[Extracted data entries]
━━━━━━━━━━━━━━━━━━━━━━━━━━━━━━
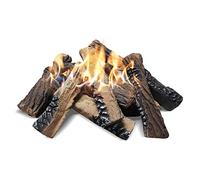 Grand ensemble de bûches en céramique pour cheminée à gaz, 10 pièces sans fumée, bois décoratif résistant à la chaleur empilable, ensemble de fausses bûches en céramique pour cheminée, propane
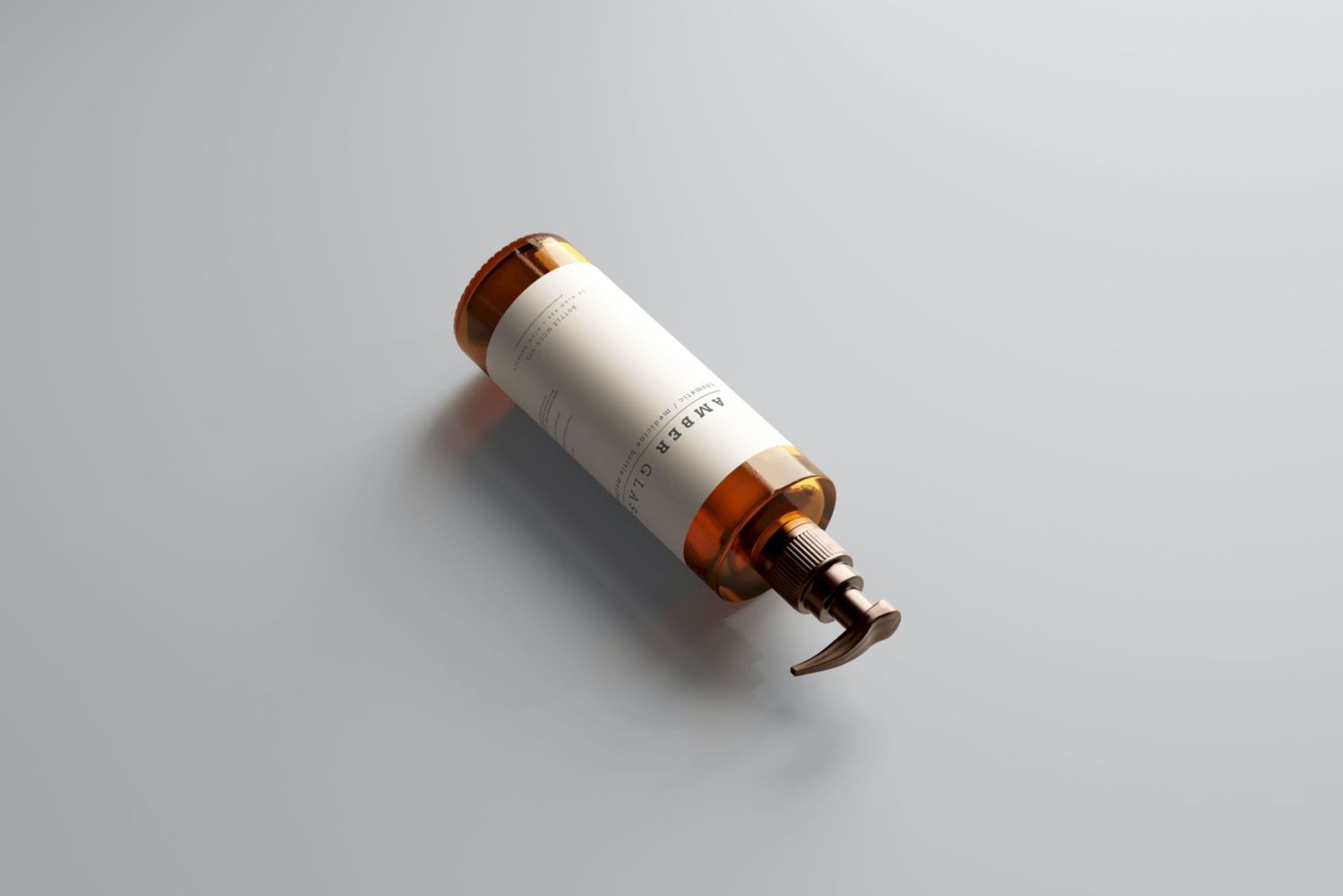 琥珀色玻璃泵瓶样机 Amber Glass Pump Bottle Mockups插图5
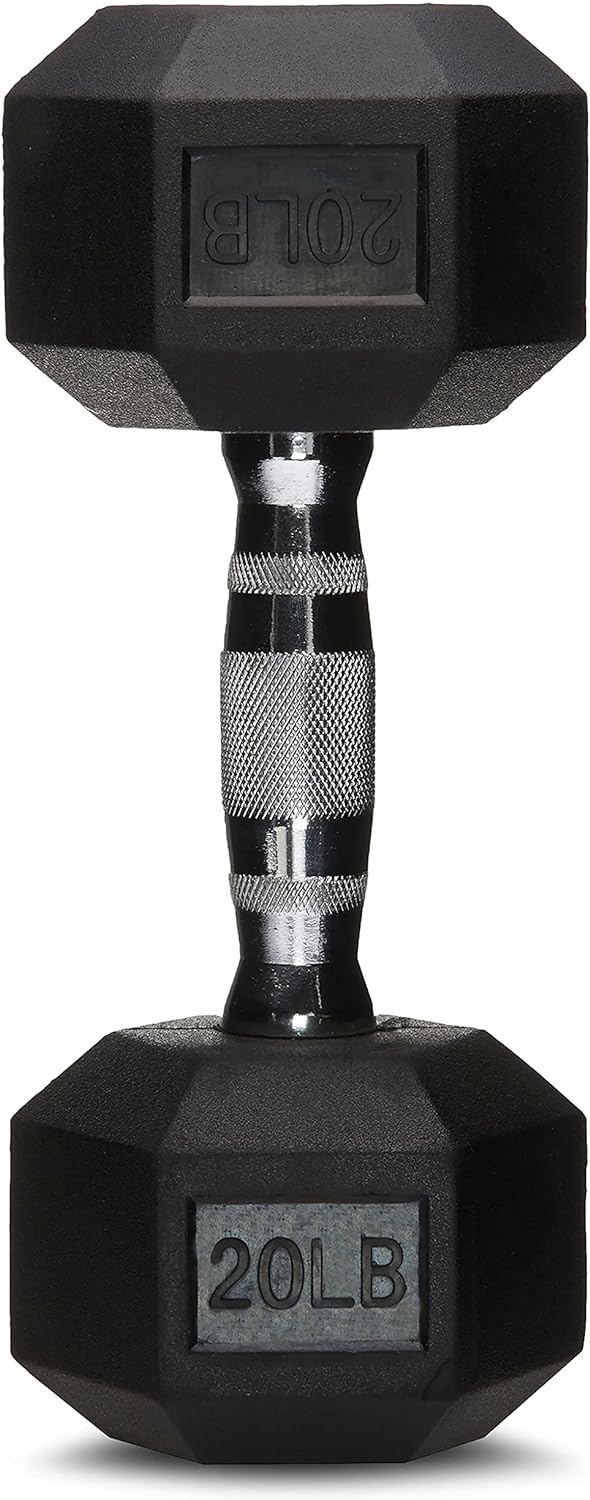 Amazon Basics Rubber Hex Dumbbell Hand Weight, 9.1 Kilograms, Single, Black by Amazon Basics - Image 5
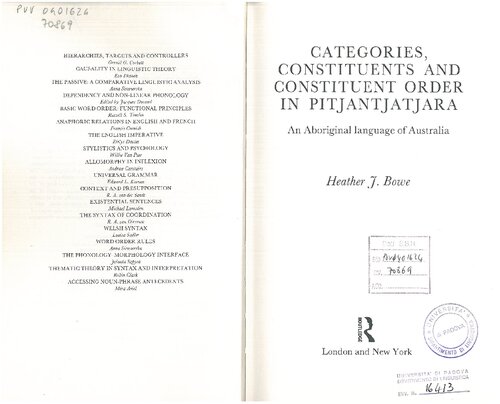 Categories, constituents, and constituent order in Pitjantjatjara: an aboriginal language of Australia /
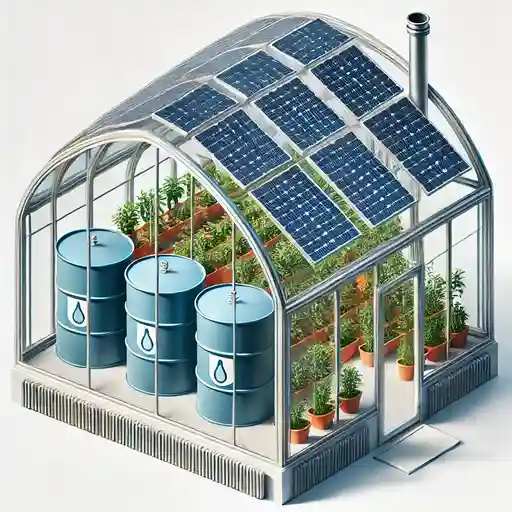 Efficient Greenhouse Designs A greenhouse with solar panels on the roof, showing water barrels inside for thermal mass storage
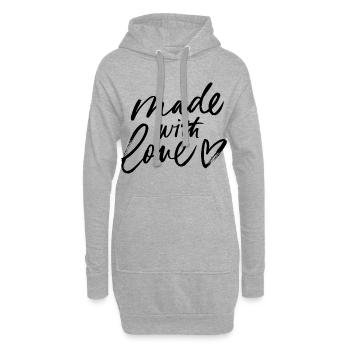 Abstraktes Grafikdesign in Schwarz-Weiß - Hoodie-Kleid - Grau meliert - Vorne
━━━━━━━━━━━━━━━━━━━━━━━━━━━━━━
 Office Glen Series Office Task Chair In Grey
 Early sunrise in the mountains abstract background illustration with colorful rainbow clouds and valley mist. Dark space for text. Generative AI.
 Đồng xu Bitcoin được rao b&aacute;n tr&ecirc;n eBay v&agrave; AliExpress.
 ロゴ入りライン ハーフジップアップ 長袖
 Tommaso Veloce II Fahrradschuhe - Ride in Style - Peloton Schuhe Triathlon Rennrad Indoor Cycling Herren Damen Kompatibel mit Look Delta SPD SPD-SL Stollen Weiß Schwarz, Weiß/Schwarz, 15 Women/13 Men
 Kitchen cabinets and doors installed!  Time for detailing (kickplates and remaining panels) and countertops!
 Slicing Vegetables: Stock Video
━━━━━━━━━━━━━━━━━━━━━━━━━━━━━━
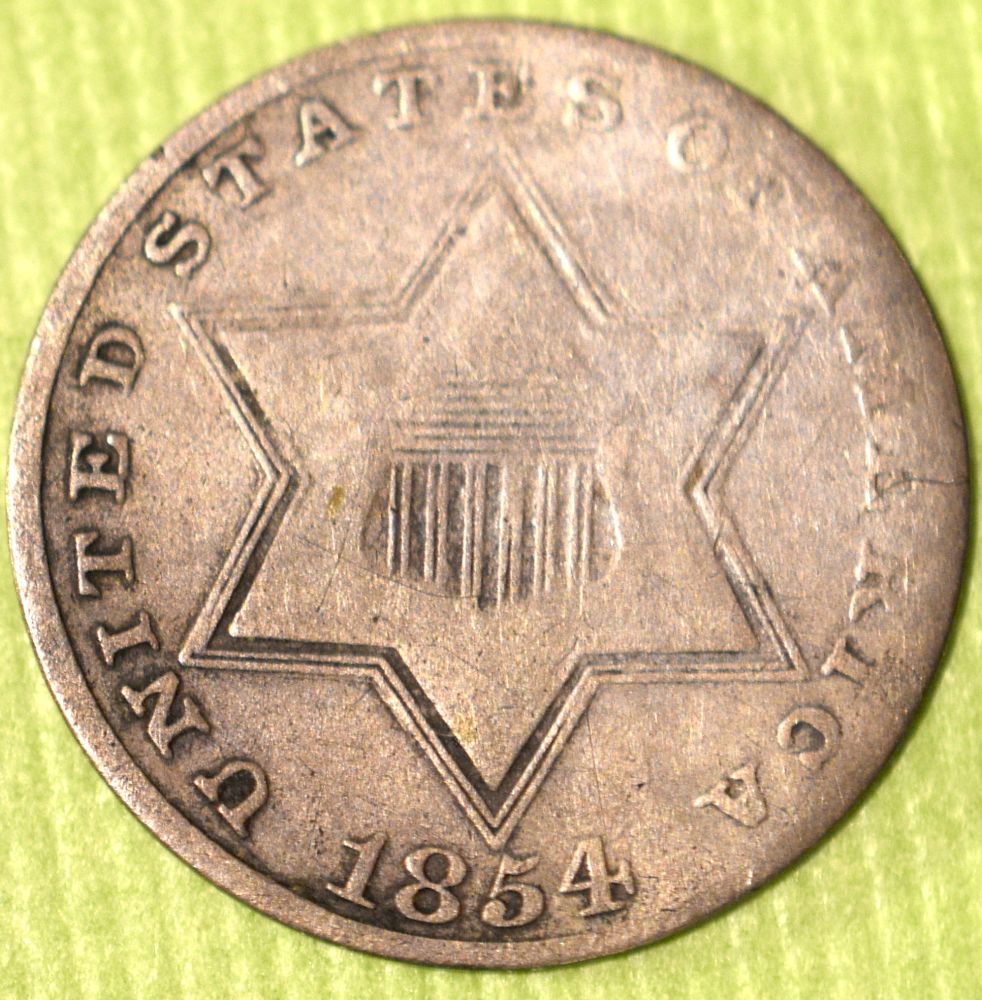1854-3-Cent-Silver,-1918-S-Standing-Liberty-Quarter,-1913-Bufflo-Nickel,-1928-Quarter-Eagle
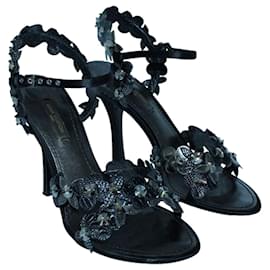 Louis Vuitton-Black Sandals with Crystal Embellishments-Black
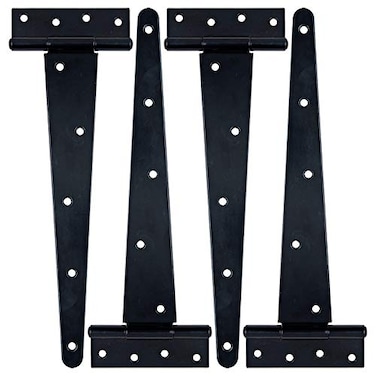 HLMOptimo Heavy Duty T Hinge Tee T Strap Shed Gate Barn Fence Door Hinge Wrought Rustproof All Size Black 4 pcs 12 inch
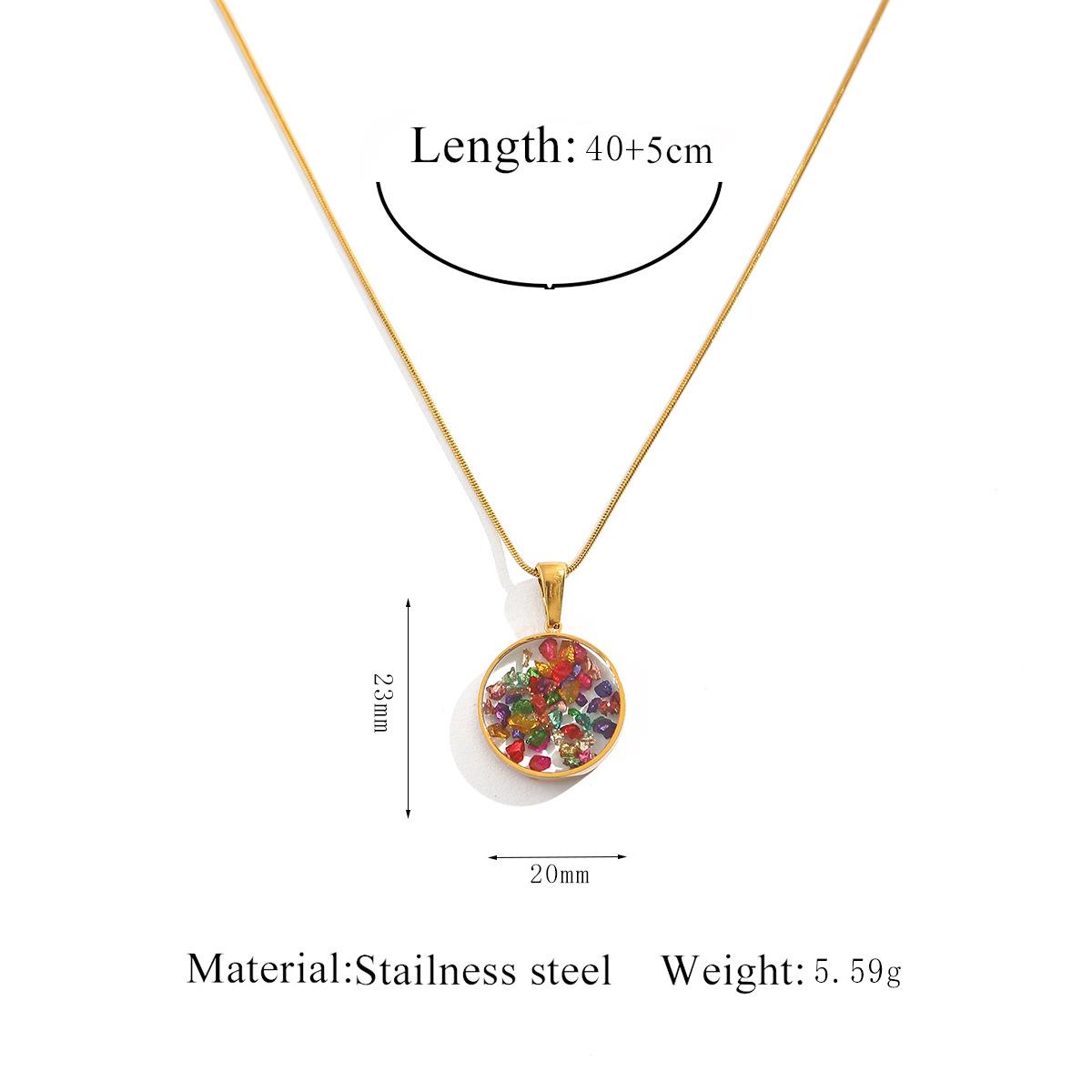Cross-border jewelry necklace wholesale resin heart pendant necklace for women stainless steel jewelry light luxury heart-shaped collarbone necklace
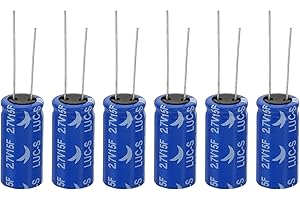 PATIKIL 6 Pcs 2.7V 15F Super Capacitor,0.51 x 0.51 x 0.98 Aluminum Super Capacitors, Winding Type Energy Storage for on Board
━━━━━━━━━━━━━━━━━━━━━━━━━━━━━━
DESCRIPTION OF THE TASK: Could you transcribe exactly the entries above, but only the lines from the one with "Grand ensemble de" through the one with "Abstraktes Grafikdesign in", and without pictures?

EXERCISE RESPONSE:
 Grand ensemble de bûches en céramique pour cheminée à gaz, 10 pièces sans fumée, bois décoratif résistant à la chaleur empilable, ensemble de fausses bûches en céramique pour cheminée, propane
 琥珀色玻璃泵瓶样机 Amber Glass Pump Bottle Mockups插图5
 Amazon Basics Rubber Hex Dumbbell Hand Weight, 9.1 Kilograms, Single, Black by Amazon Basics - Image 5
 Categories, constituents, and constituent order in Pitjantjatjara: an aboriginal language of Australia /
 Efficient Greenhouse Designs A greenhouse with solar panels on the roof, showing water barrels inside for thermal mass storage
 Abstraktes Grafikdesign in Schwarz-Weiß - Hoodie-Kleid - Grau meliert - Vorne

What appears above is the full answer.